Je travaille à chaque jour sur mon projet de vendre mes toiles en Chine et de les exposer. Le défi est grand, mais réaliste selon moi. Pour y arriver, je passe à travers une liste de petites choses à faire qui augmentent mes chances d’atteindre mon objectif. Mon site Internet est maintenant en anglais et en mandarin! Également, je viens de recevoir mes cartes professionnelles dans ces deux langues. Elles me sont déjà fort utiles pour toutes ces rencontres que je fais présentement. En résumé, mon travail se divise en trois parties :

1. Je peins pour préparer mon exposition
2. Je me monte un réseau dans le but de provoquer des opportunités d’affaires
3. Je fais de la recherche, pour connaître le marché de l’art chinois et me positionner.
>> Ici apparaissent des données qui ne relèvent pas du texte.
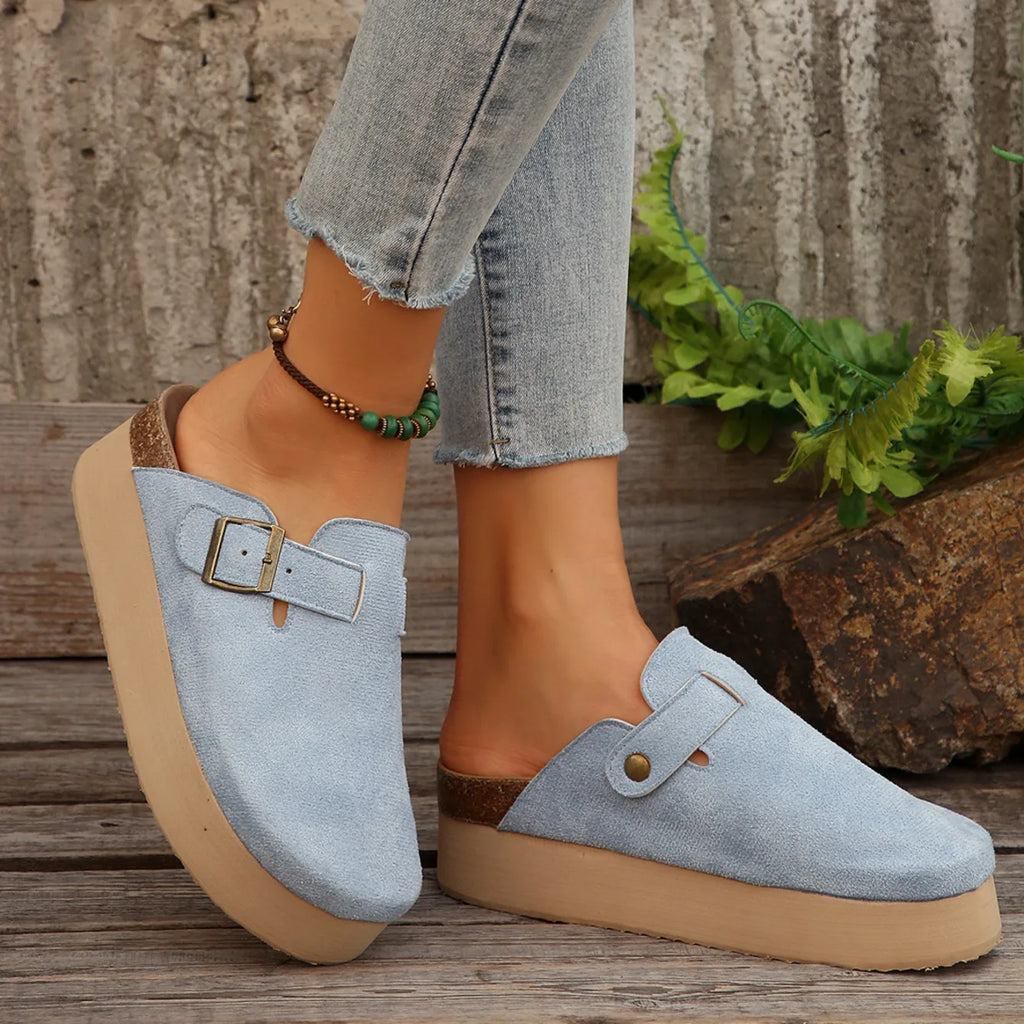 Platform Clogs with Buckle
Essentiellement pour moi, le défi est de garder l’équilibre entre le travail et le repos. J’aime tellement mon travail que mes journées ont parfois tendance à manquer d’équilibre. Étant donné qu’il n’y a pas de rivière à côté de chez moi avec un kayak à ma disposition, j’ai dû trouver une autre source de défoulement physique. Alors je vais m’entraîner au gym. Pour l’instant, ça me convient.

L’art et le sport, c’est quoi le rapport?
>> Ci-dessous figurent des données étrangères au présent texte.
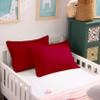 Travel Pillow Case 14''x20'' Size Set of 2 Zipper Closure Toddler Pillowcase 800 TC Soft Egyptian Cotton Nursery Pillow Covers, Red Solid Pillowcase view 3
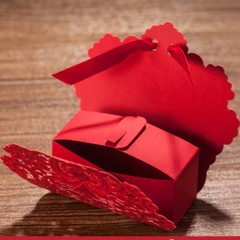 50PCS Red Lace Paper Box for Party Gift Wedding Favors Candy Box Jewelry Packing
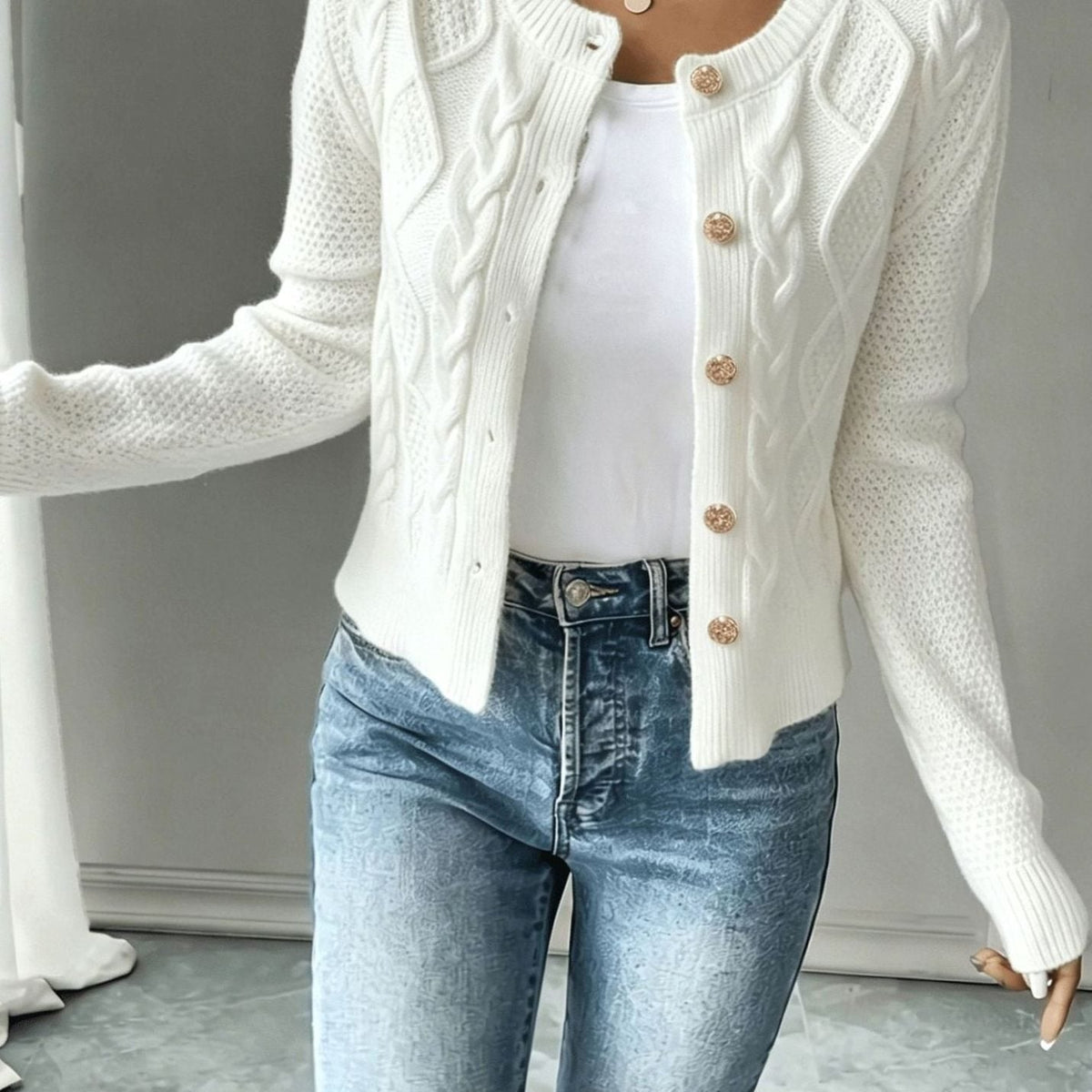 Céline - Cardigan Élégant Torsadé Boutonné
Étonnamment, il y a beaucoup de ressemblances entre mon travail d’artiste et mon « travail » d’athlète. Le travail autonome demande, tout comme dans la compétition sportive, de la discipline, de l’auto-motivation, de l’auto-reconnaissance. Aussi, je me fixe des objectifs qui ont les attributs de l’acronyme SMART (Spécifiques; Mesurables; Atteignables et difficiles; Réalistes; à accomplir dans un certain espace Temps).

Pour ce qui est des sensations que j’ai lorsque je peins, versus lorsque je fais du kayak, il y a aussi beaucoup de ressemblances. J’observe mon sujet, je le sens avant de le tracer sur le papier. Je fais de même avec la rivière : je l’observe pour sentir l’effet de la vitesse et de la direction du courant sur mon embarcation. Dans les deux cas, j’utilise une sorte de connexion que j’allume à l’intérieur de moi.
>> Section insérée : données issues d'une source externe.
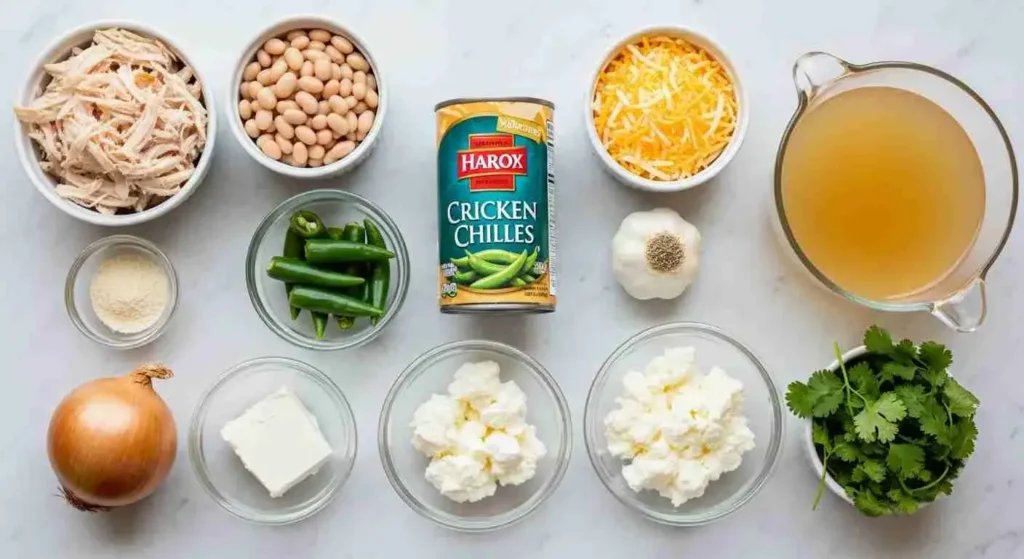 Creamy White Chicken Enchilada Soup 2 Chicken, beans, cheese, chilies, and broth arranged on countertop.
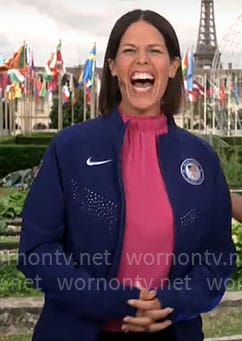 Dana Jacobson’s navy olympics jacket on CBS Mornings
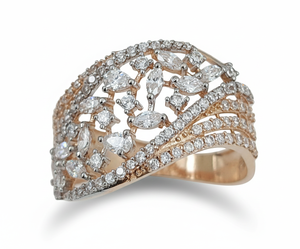 Bague pour femme en or 22 carats, finition brillante, idéale pour les fiançailles, les mariages, les occasions festives et le quotidien - Product Image 2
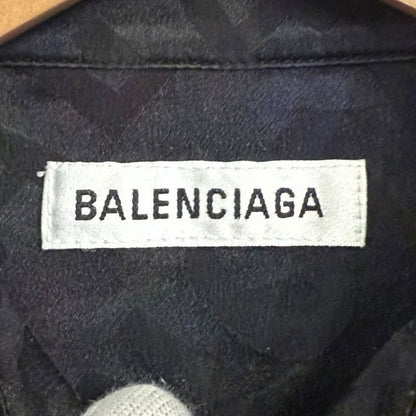 Balenciaga Logo Jacquard Button Down Long Length Silk Shirt Dress Size 32 Black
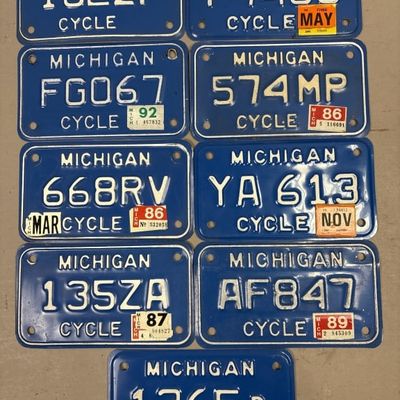 Lot of 9 Michigan Motorcycle License Plates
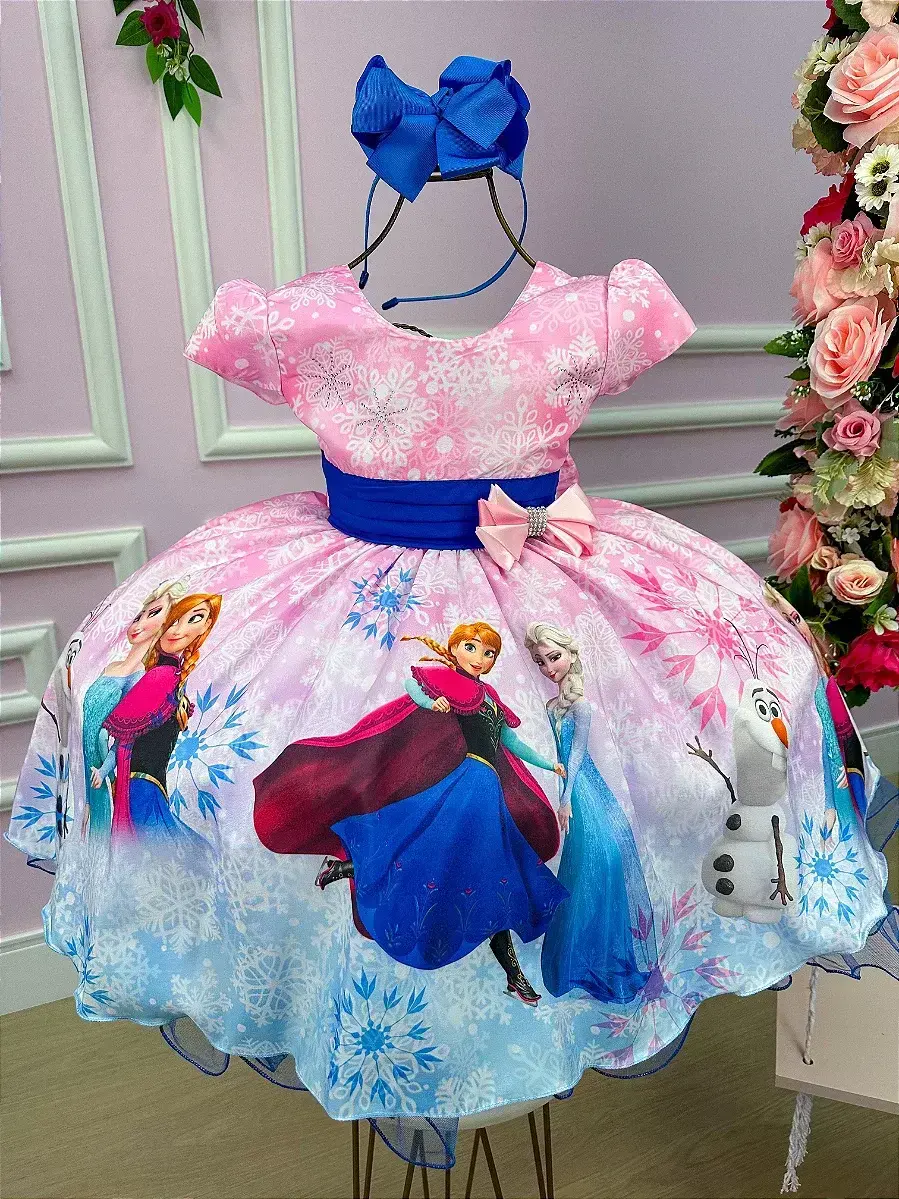 Vestido festa princesa gelo rosa, foto 2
De plus, contrairement à ce qu’on pourrait penser à priori, lorsque je peins, ce n’est pas tranquille du tout. Je me place constamment face au « danger » en n’utilisant pas le pinceau, en versant les couleurs directement de ma palette au papier. Je ne peins pas assis la plupart du temps, mais debout. Donc, je bouge beaucoup. Un autre lien que j’adore, est la sensation de glisse. L’eau sur ma toile glisse et prend de la vitesse, comme moi, quand je suis en kayak.

Finalement, je terminerais les rapprochements entre mon art et mon sport en mentionnant le plaisir et l’incertitude. Chaque toile est une aventure en soit. Je sais comment elle va commencer, mais j’ignore quand ni comment elle va se terminer. Tout n’est pas planifié et surtout, il n’y a pas de mode d’emploi qui vient avec chaque œuvre. Pour moi, dans ces circonstances, je ressens beaucoup d’incertitude. Comme dans le sport, l’enjeu est là : obtenir une toile qui soit vendable. Alors chaque décision que je prends, intuitivement ou avec mon intellect, m’apporte la plupart du temps beaucoup de plaisir, car je me sens consciente de mes choix.

D’ailleurs, en général à chaque jour, je me rappelle quelle est mon intention ici pour sentir en moi cette énergie positive qu’engendre le plaisir. Étant donné que Shanghai a de quoi distraire, l’intention est parfois perturbée par l’attention qui se porte invariablement sur le risque et son enjeu. La peur fait partie de mon expérience, je ne peux pas le nier. C’est d’ailleurs une sensation que je recherche, comme en kayak. La peur, j’en fais à chaque jour plus ou moins bien mon alliée. Et puis, j’applique ce que j’ai appris dans le sport : le focus. Donc de mon point de vue, l’art et le sport sont tout à fait cohérents dans ma vie.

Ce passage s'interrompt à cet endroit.